In March, a ruling by the International Court of Justice (ICJ) ordered Japan to stop research whaling in the Antarctic Ocean, and the government decided to accept the ruling since it has a policy of respecting international law.

Though the court only ordered Japan to stop whaling in the Antarctic, the government was cautious about whether it should continue whaling in northwestern Pacific waters.

A senior offical at the Foreign Affairs Ministry said: "The ICJ judged that Japan's research whaling is virtually commerical. Taking that into account, we should halt [whaling] in the northwestern Pacific, too."

But some lawmakers in the ruling Liberal Democratic Party and other parties that represent the interests of the whaling industry have insisted that Japan should continue research whaling by all possible means.

Former Environment Minister Shunichi Suzuki, who heads the LDP's whaling group, welcomed the government's decision to continue whaling in the northwestern Pacific.

"We shouldn't easily give up what is rooted in our traditional culture," Suzuki said, praising the government decision.

"We made the [whaling] plan with due consideration for standards stated in the ICJ ruling," Agriculture, Forestry and Fisheries Minister Yoshimasa Hayashi told the press Friday. "We would like to make this clear to [antiwhaling] countries."

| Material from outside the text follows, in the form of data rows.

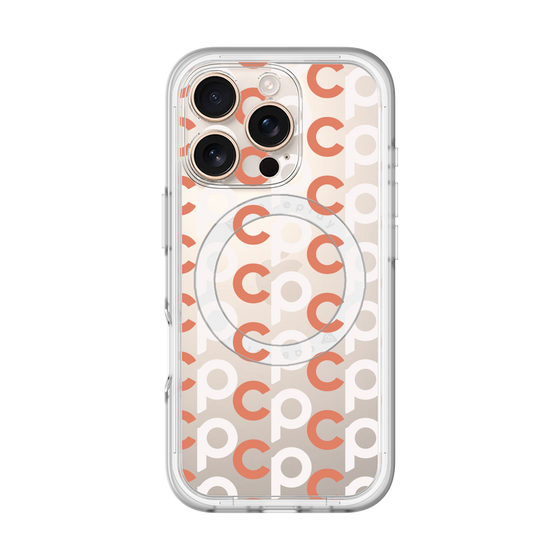 スリムプロテクションプレミアムケース with MagSafe［ オリジナル - CASEPLAYイニシャル総柄 - オレンジ ］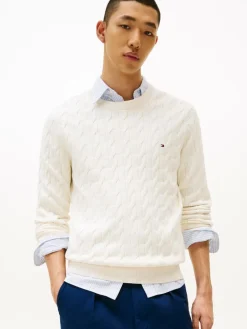 Tommy Hilfiger Pullover & Strickjacken<Herren Pullover ecru strukturiert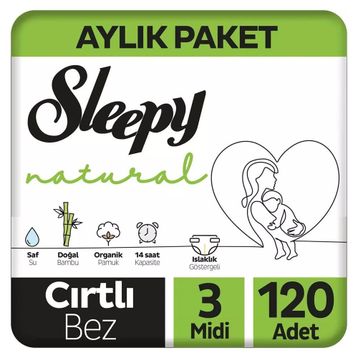 Sleepy Natural No:3 Midi 120 Adet Bebek Bezi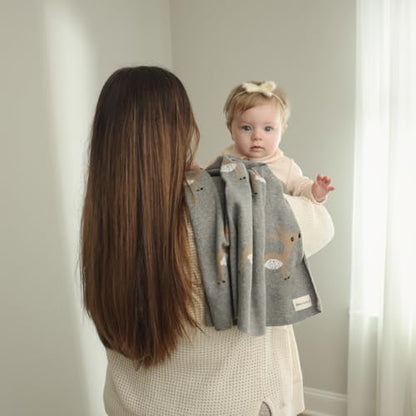 Knit Baby Swaddle Blanket - 100% Cotton Soft Cozy Receiving Swaddling Crib Stroller Quilt Blanket for Shower Gift Registry for Newborns, Infants, Toddlers, Unisex (Deer - Grey) - color: 12 - Deer - Grey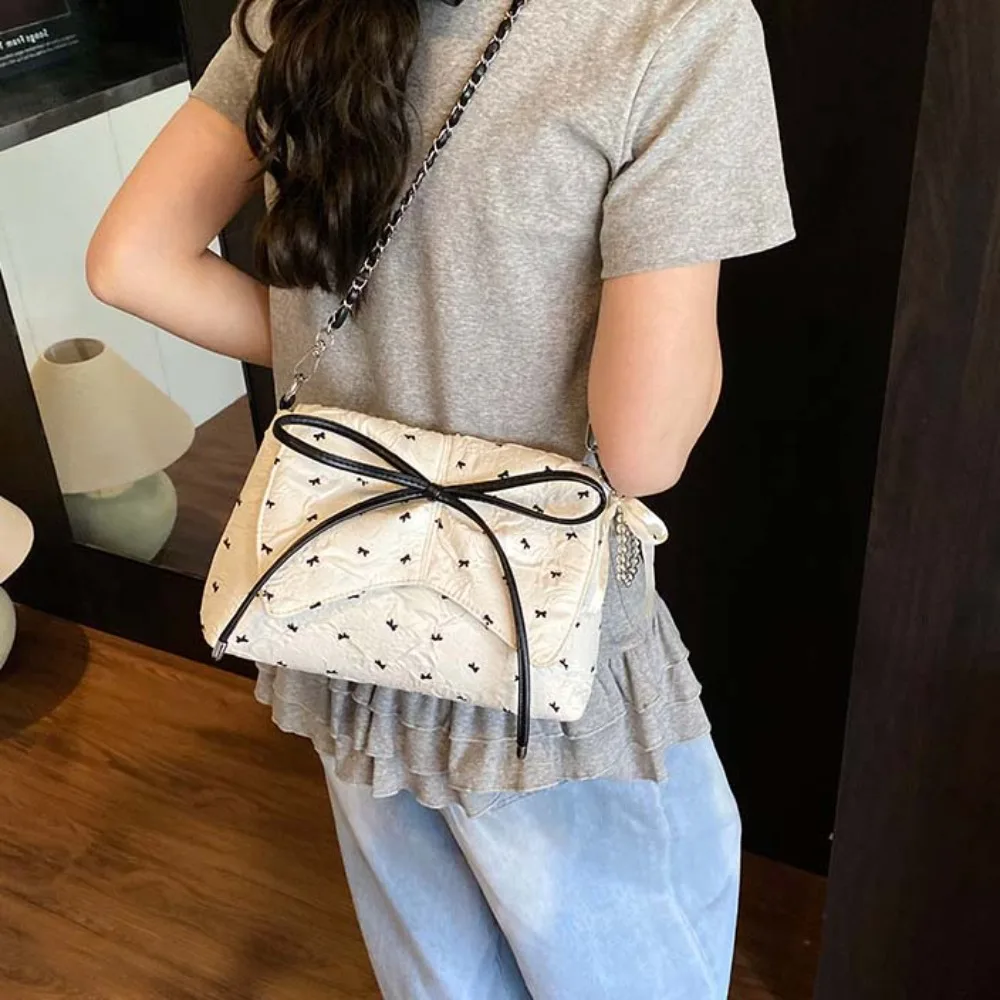 

Sweet French Chain Bag Contrast Color Ribbon Pendant Bow PU Shoulder Pouch Texture Large Capacity Women Crossbody Bag Work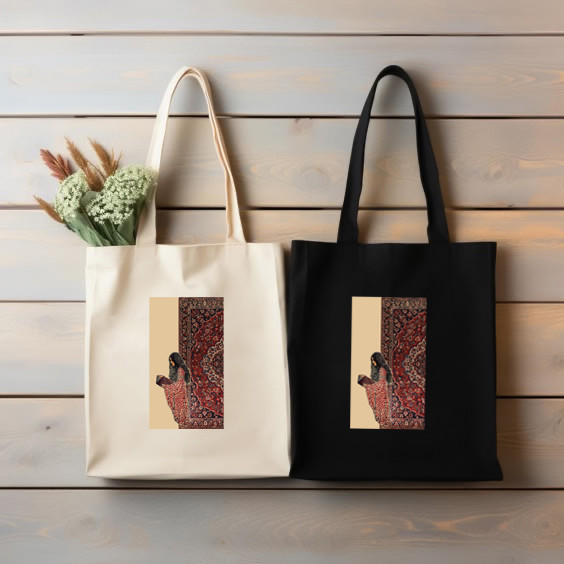 توت بگ کتان طرح فرش ایرانی و دختر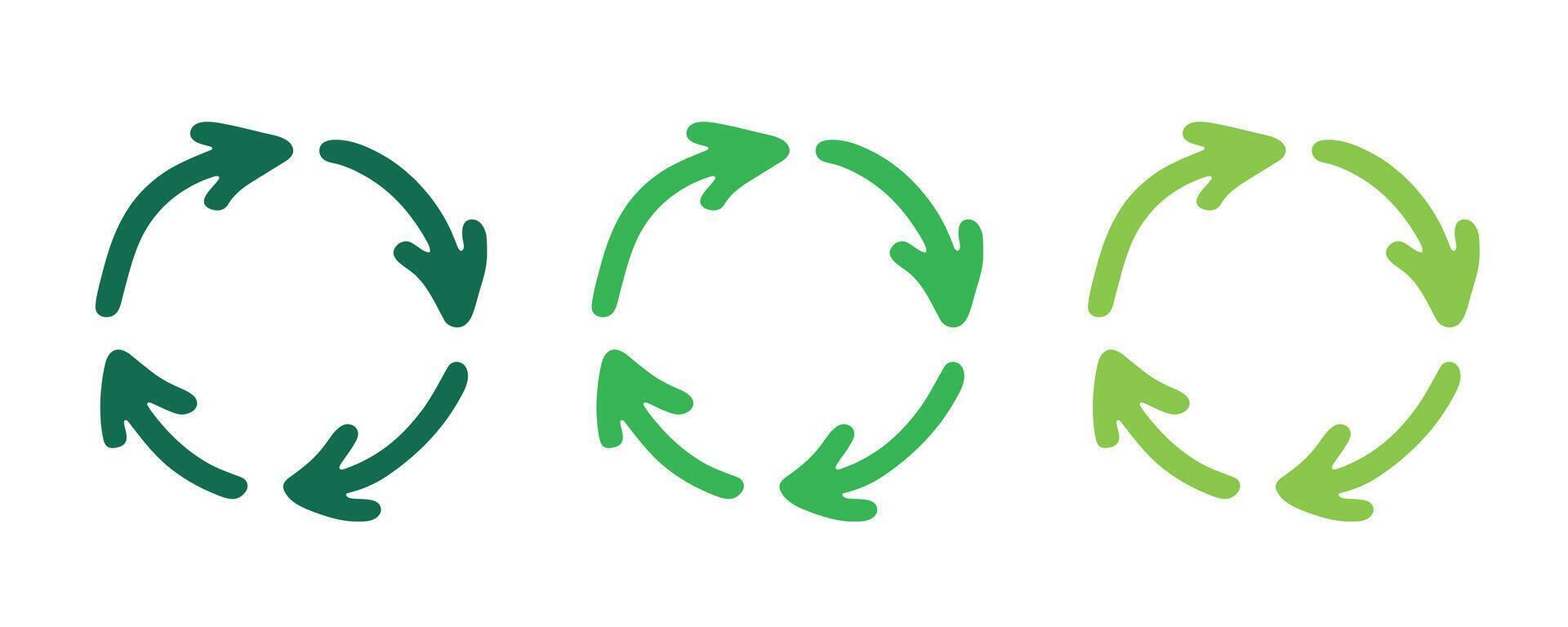 Hand drawn recycle arrow icon Recycling resources symbol Reuse of materials, zero waste, green environment, saving the planet forty seven vector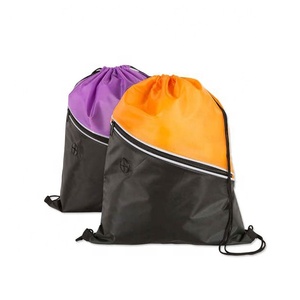 Sac à dos unisexe en polyester avec logo personnalisé, doublure en maille rouge et marine, sac de sport portable, capacité inférieure à 23 litres, poignée en corde - Product Image 6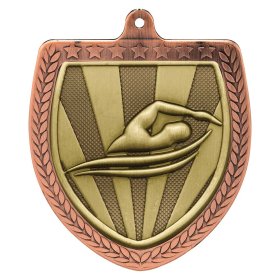 Cobra Swimming Shield Medal 75mm - Gold, Silver & Bronze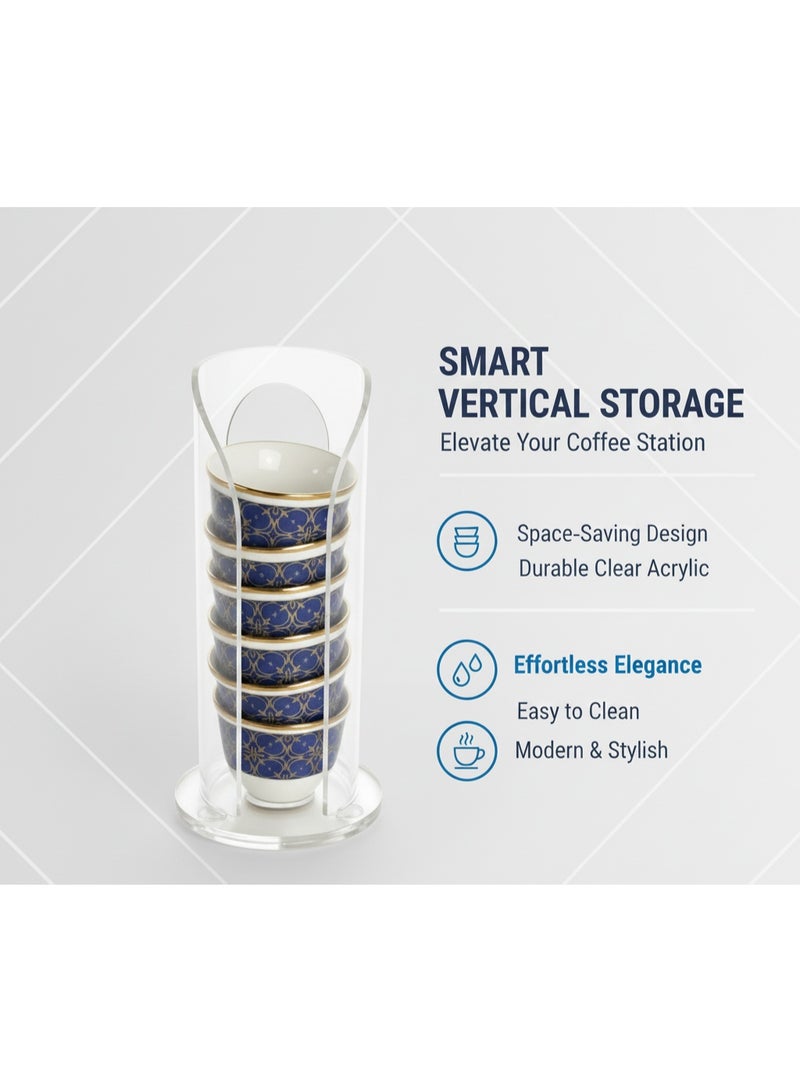 Bayti H.H. Traditional Finjan Coffee Cup Holder Stand Display Rack – Clear Acrylic Organizer for Arabic & Turkish Coffee Cups, Elegant Countertop Display - Image 3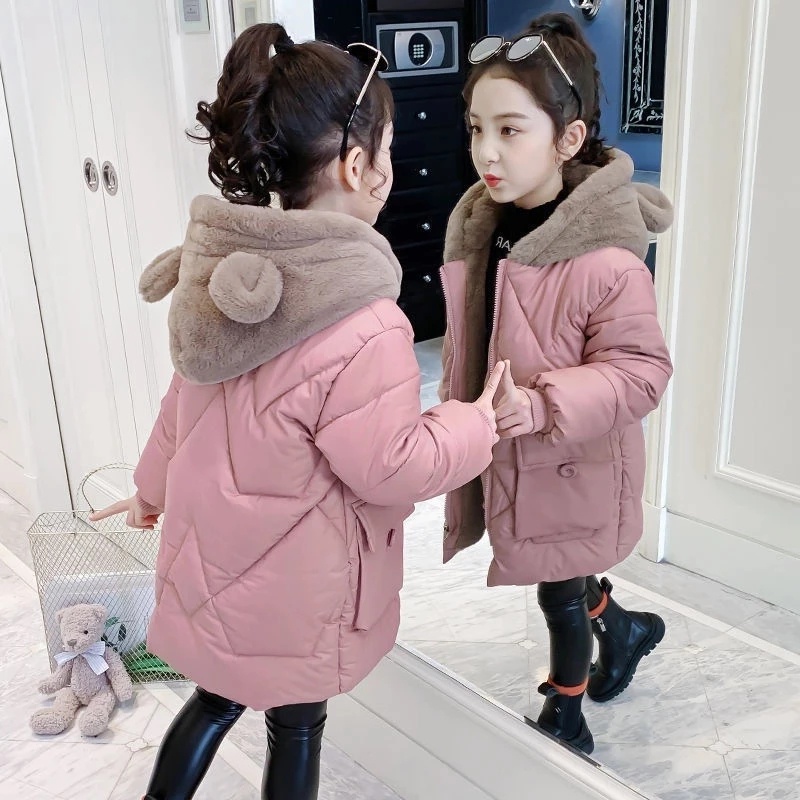 4-12 Years Girls Jacket Plus Velvet Warm Winter Coat Cute Bear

However, Japan's decision could draw criticism from US and European media, or prompt antiwhaling countries to file a fresh lawsuit in an international court.

The government has decided to postpone the departure date for its whaling fleet, initially set for Tuesday, to Saturday or even later in the hope of avoiding tension with the international community ahead of US President Barack Obama's visit to Japan on Wednesday.

For fiscal 2015 and later, the government wants to continue research whaling-including in the Antarctic Ocean-and will submit a new plan to the International Whaling Commission as early as this autumn. However, the IWC, dominated by antiwhaling countries, could demand the plan be revised.